Find the equation of the normal to the circle 3x ^ 2 + 3y ^ 2 - 4x - 6y = 0 at the point (0,0).
Answers
EXPLANATION.
Equation of the normal to the circle.
⇒ 3x² + 3y² - 4x - 6y = 0 at the point (0,0).
As we know that,
We can write equation as,
⇒ x² + y² - (4/3)x - 2y = 0.
Differentiate the equation of circle w.r.t x, we get.
⇒ 2x + 2y(dy/dx) - 4/3 - 2(dy/dx) = 0.
⇒ [2x - (4/3)] + 2y(dy/dx) - 2(dy/dx) = 0.
⇒ [2x - (4/3)] + (y - 1)2(dy/dx) = 0.
⇒ [2x - (4/3)] = - (y - 1)2(dy/dx).
⇒ - [2x - (4/3)]/(y - 1) = dy/dx.
⇒ [(4/3) - 2x]/(y - 1) = dy/dx.
Put the value of (x, y) = (0,0) in the equation, we get.
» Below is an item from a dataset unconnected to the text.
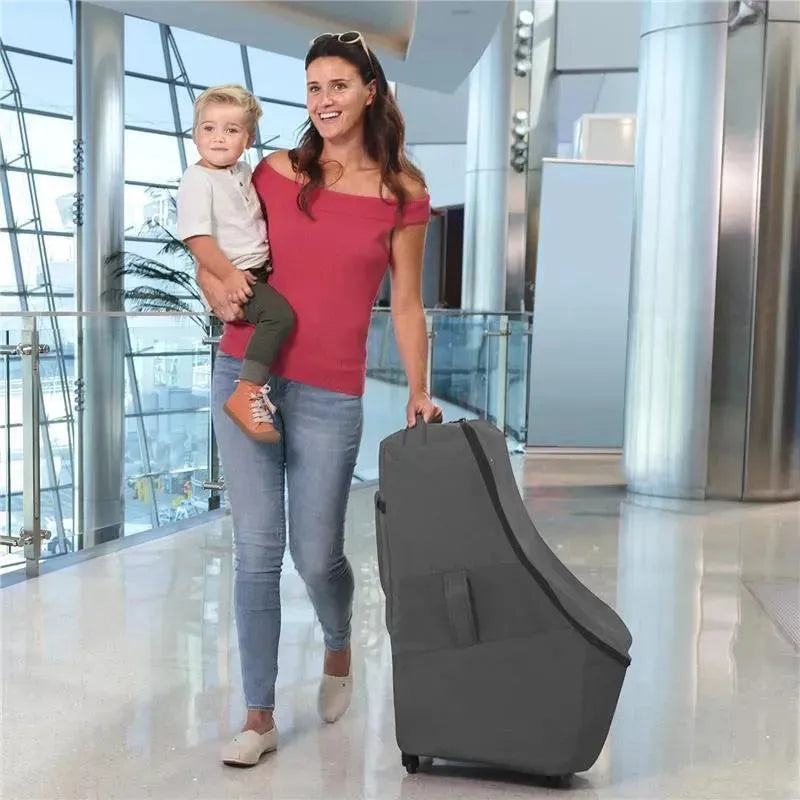 Woman carrying a child, holding a Chicco anthracite car seat travel bag with wheels in an airport setting.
⇒ [(4/3) - 2(0)]/(0 - 1) = dy/dx.
⇒ - 4/3 = dy/dx.
As we know that,
Slope of normal = - 1/m.
Slope od normal = [-1/(-4/3)] = 3/4.
As we know that,
Formula of equation of normal.
⇒ (y - y₁) = m(x - x₁).
⇒ (y - 0) = 3/4(x - 0).
⇒ y = 3/4(x).
⇒ 4y = 3x.
⇒ 4y - 3x = 0.
Equation of normal : 4y - 3x = 0.
MORE INFORMATION.
Line and a circle.
Let L = 0 be a line and S = 0 be a circle. if r is the radius of the circle and p is the length of the perpendicular from the center on the line then,
(1) p > r ⇔ the line doesn't meet the circle that is passes out the circle.
(2) p = r ⇔ the line touches the circle.
(3) p < r ⇔ the line is a secant of the circle.
(4) p = 0 ⇔ the line is diameter of the circle.